Kana Yamazaki (Senior Associate) brings in Caddi, a Japanese client, and owns the relationship. As Caddi starts hiring English-only engineers, Kana introduces Akio Namioka (Senior Consultant), who specializes in English-speaking tech candidates. Akio becomes a secondary client owner and pays Kana a 25% referral fee on the first English-only placement.

Each recruiter works in their language strength. The client gets bilingual + English-only coverage seamlessly.

What this means for clients

Three concrete things clients get from this model that they don't in firms with client-only or candidate-only ownership:

  1. Wider candidate shortlists. Every SST consultant is incentivized to share candidates across searches. You see candidates sourced by every consultant who might have touched them — not just the one assigned to your account.
  2. Specialist depth where it matters. The consultant with the strongest network for your specific role works on your search, even if a different consultant owns the account relationship. Language, function, and industry alignment happen automatically.
  3. No stale ownership blocking good candidates. The 90-day rule means idle ownership releases. A candidate who'd be perfect for your role doesn't sit locked to a consultant who stopped engaging them nine months ago.

Key takeaways

  • Ownership models inside your search firm directly affect the candidate depth and quality clients actually see
  • Client-only ownership works in the US and EU but burns relationships in Japan's scarce, trust-fragile market
  • Candidate-only ownership creates hoarding and stale ownership
  • The hybrid model — client and candidate both owned, potentially by different recruiters — optimizes for outcomes when paired with explicit rules
  • The rules that matter: meaningful engagement defines activity, 90-day ownership expiration, 50/50 baseline fee splits, outcome-first conflict resolution

FAQ

Why should a client care how recruiters split fees internally?

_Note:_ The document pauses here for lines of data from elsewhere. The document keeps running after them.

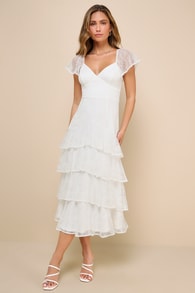 Graceful Darling White Lace Flutter Sleeve Tiered Midi Dress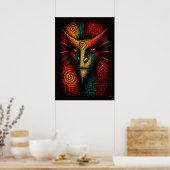 Primal Spirit Mask Abstracte Kunst – Expressionism Poster (Keuken)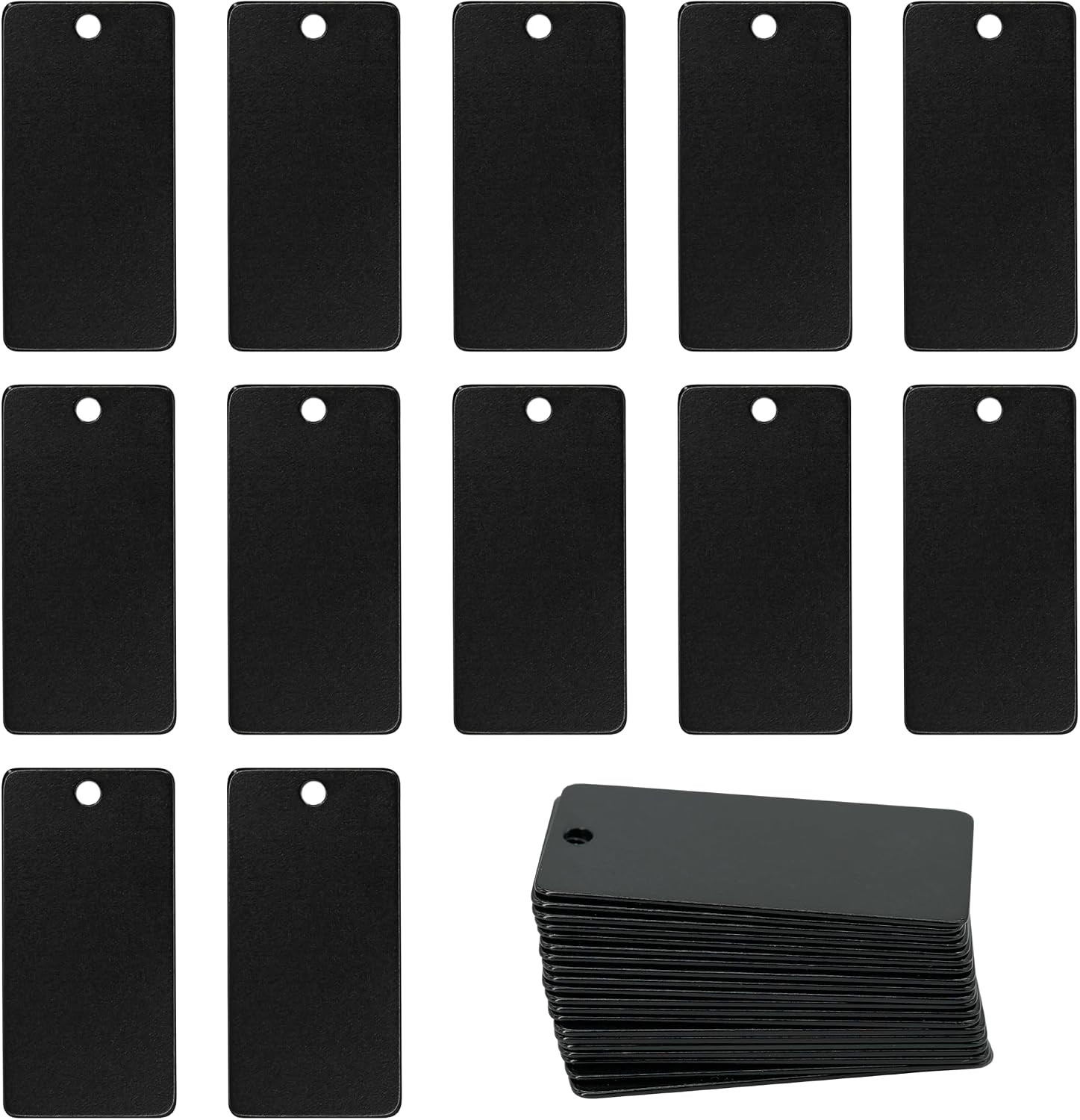 Aluminum Engraving Blanks Rectangle Blank Tags 1 Inch x 2 Inch 25 Pack (Black)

Because the internal split shapes recruiter behavior — which determines the quality and breadth of candidates you actually see. Firms that don't publish their model have usually never thought about it. That's a signal.

Does the hybrid model slow down searches?

No — it usually speeds them up. When any recruiter can share a candidate with any active search, good candidates reach the right client faster than in models where they're locked to one recruiter.

What happens if two SST recruiters disagree about ownership on a specific deal?

The memo specifies the default test: what maximizes outcomes for the client and the candidate? Then: who originated the opportunity, who actively managed the relationship, who did the work that closed the deal. When in doubt, we err toward fairness and long-term trust.

Do other search firms publish their ownership rules?

Almost never. That's why we do — transparency is a differentiator in an industry that often isn't.

Can clients ask to work with a specific consultant?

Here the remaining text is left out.